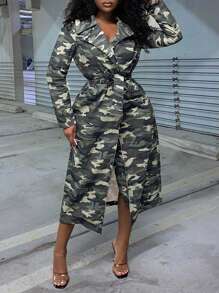 Slaydiva Camo Print Belted Longline Coat - Army Green - View 3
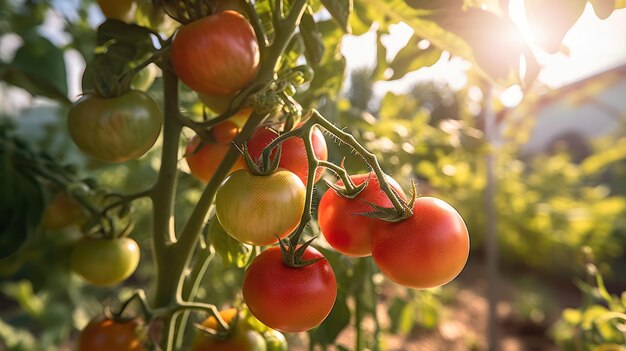 cherry tomatoes in a greenhouse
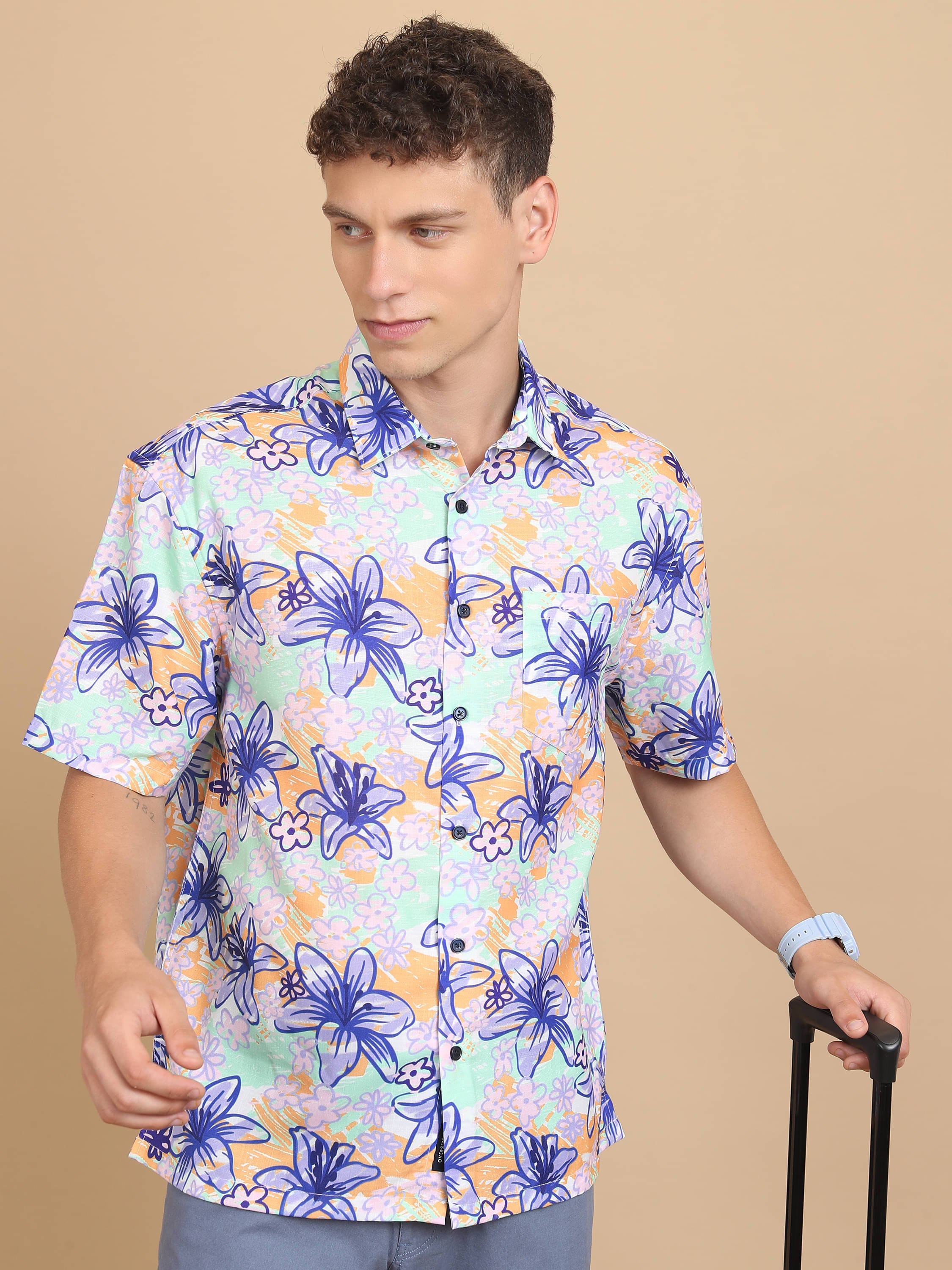     			Highlander Polyester Oversized Fit Printed Half Sleeves Men's Casual Shirt - Multicolor ( Pack of 1 )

= = =

__What the exercise asks__
The data must be repeated exactly. Any pictures in it are to be left out.

__Worked solution__
 Slaydiva Camo Print Belted Longline Coat - Army Green - View 3
 cherry tomatoes in a greenhouse
     			Highlander Polyester Oversized Fit Printed Half Sleeves Men's Casual Shirt - Multicolor ( Pack of 1 )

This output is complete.